For a long time, there has been a debate about whether the “identity politics” followed by the left have made it neglect the “class issue”. What is your point of view?
I think that framing is ultimately not helpful. We should begin with a ruthless (self-)criticism of the degeneration of Left notions of class into identity politics in the first place – abandoning the culturalist fetishizing of geographically and historically minoritarian experiences of industrial labour as the only context for the recognition of class. Conversely, it is important to learn how to discern the classed and anti-capitalist dimensions of what is sometimes misconceived reductively as ‘identity politics’. After all, how could the political movements and militant theorising of those whose labour and lives have been confiscated, devalued and ‘primitively’ accumulated through gendered and racialized exploitation not concern class understood in its most crucial, which is to say its relational dimension? If start from class as a relation rather than class as an identity (an identity that would allow us to demarcate a good working class from bad lumpen, free from forced labourers, etc.) then we can begin to attend to the invisible ‘iceberg’ of exploitation (to borrow Maria Miess characterisation of the role of ‘women, nature and colonies’ in capitalist accumulation) which lends class exploitation its full weight. Ironically, if we begin with a more orthodox, even dogmatic definition of class (relation to the means of production, etc.) we would today perforce be led to recognise how the working class, globally conceived, but also in the so-called ‘North’, is anything but a white, male redoubt. (Incidentally, I remain baffled that some Marxist left supporters of Brexit in England seem happy to consider white English pensioners as members of the working class but are somehow devoid of class solidarity with hundreds of thousands of proletarianized Bulgarian, Romanian or Polish workers. If there ever was an identity politics, that’s it.)
In Greece, after four years of rule by SYRIZA, the New Democracy party returned to power, with a program combining neoliberalism in the economy with conservatism in the social field. What is your comment?

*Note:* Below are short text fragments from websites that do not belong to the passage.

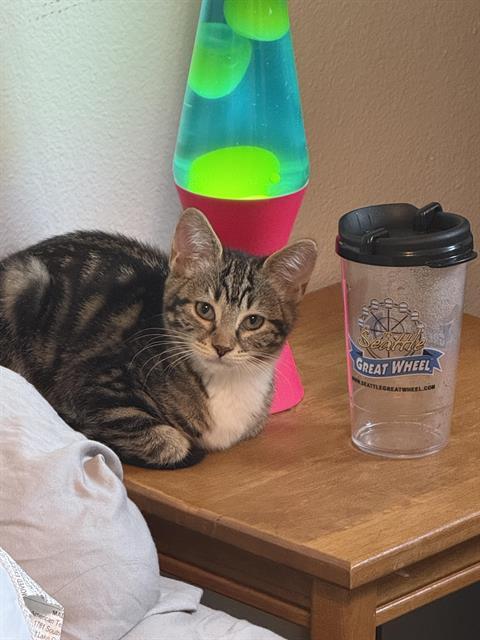 Enlarge MINERVA, a Adoptable Domestic Short Hair in Kent, WA image 1/1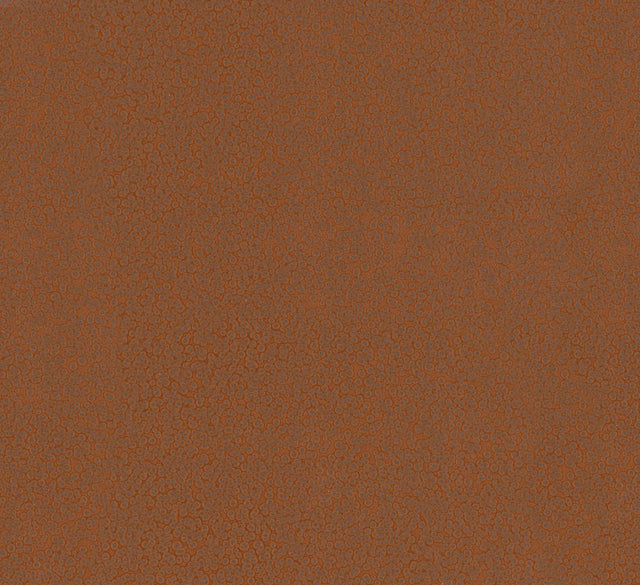 Antonina Vella Hudson Copper Wallpaper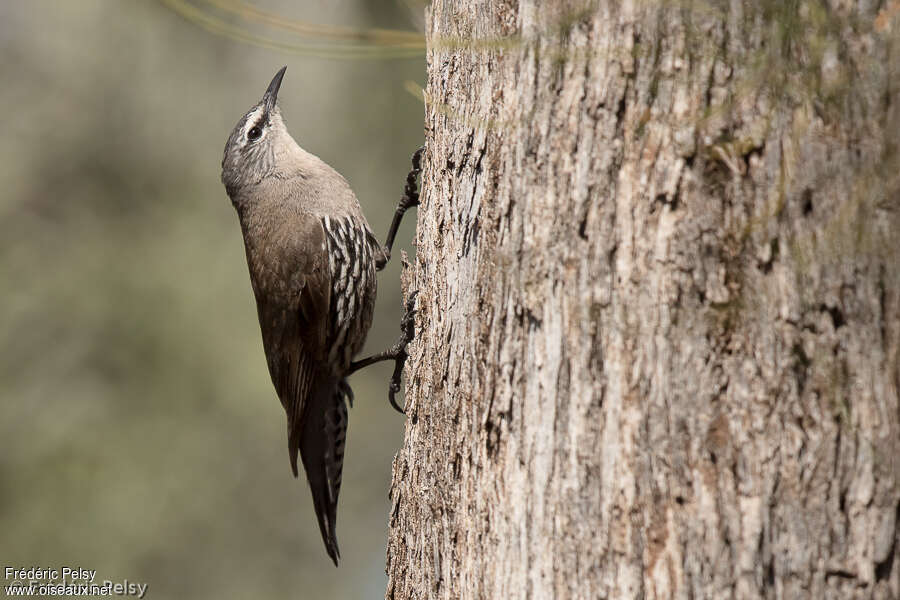 White-browed Treecreeper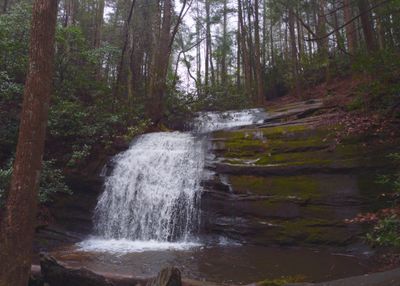 Long Creek Falls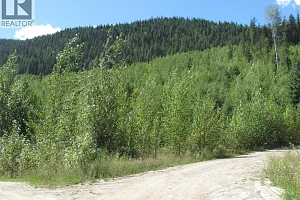 130Acres Sugar Lake-Sihlis Road - Photo 3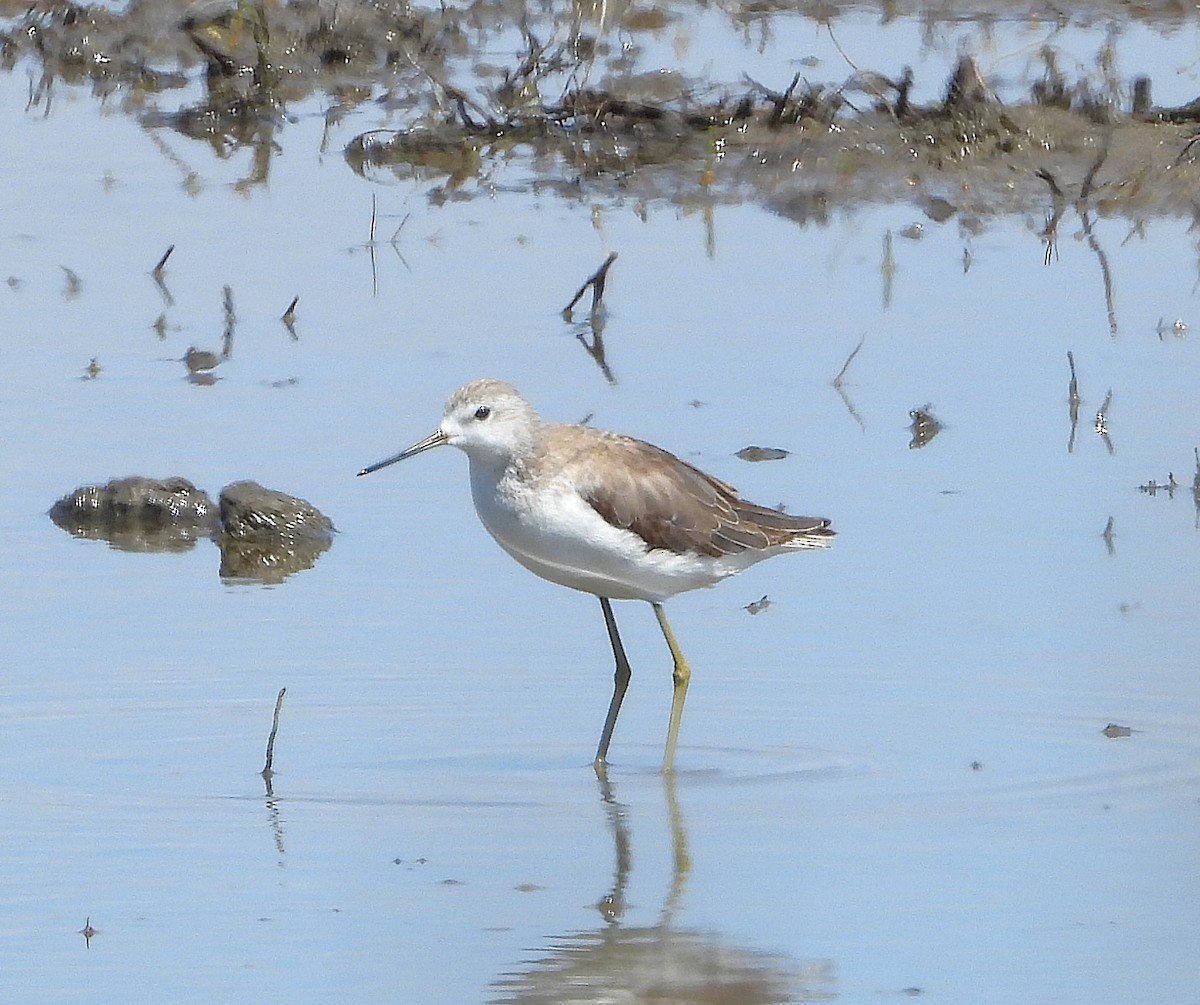 Marsh Sandpiper - ML646228072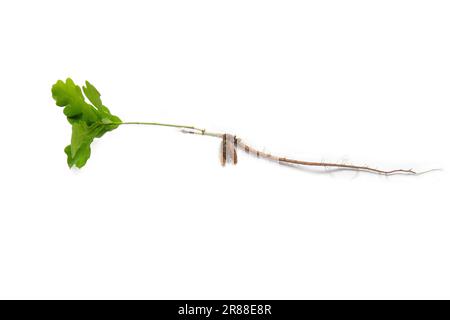 Germinating acorn of Oak tree: leaf, acorn and root, isolated on white background Stock Photo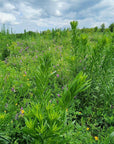 FORBS AND FORAGE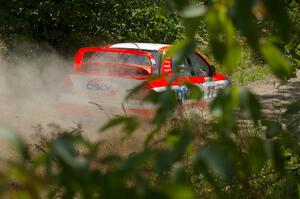 Alfredo DeDominicis / Massimo Daddovei prepare to rocket down a short straight on SS9 in their Mitsubishi Lancer Evo VII.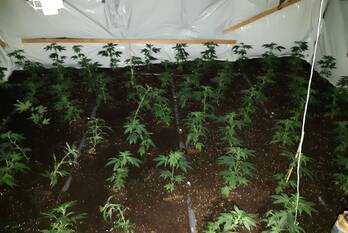 nieuws aldegondestraat amersfoort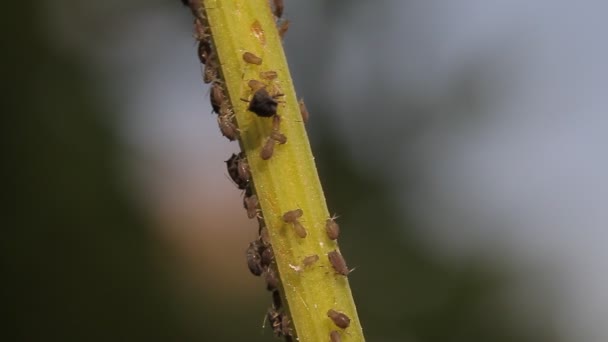 1080p, macro des fourmis et des poux de vigne sur les feuilles — Video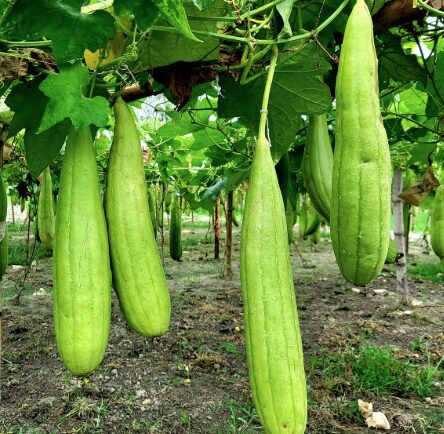 Luffa - Lufa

I think the failure of SYRIZA is, one the one hand, a painful indicator of the formidable material and institutional constraints placed in the path of any radical left reformist. But, on the other, it is also marked by a series of baffling and disturbing political choices, often cloaked in the threadbare cloth of ‘realism’ – from security pacts with Sisi’s dictatorship in Egypt and rapprochement with Israel’s right-wing settler-colonial regime, to internal repression of left-wing activists and an implementation of European diktats ultimately incompatible with a left horizon. The result has been the mutation of a radical project into one fundamentally indistinguishable in its basic coordinates from the accommodationist social liberalism that took over the European Left from the 1980s onwards. I think the rhetoric of governmental ‘responsibility’ that often accompanies the ‘realism’ of ‘tough’ reforms, papers over the left’s primary responsibility, which is to reproduce and empower social forces capable of enacting and embodying real systemic change. The left needs to be extremely careful about adopting, in the face of overwhelming capitalist power, the politics of the lesser evil. As Hannah Arendt once quipped: ‘those who choose the lesser evil forget very quickly that they chose evil’.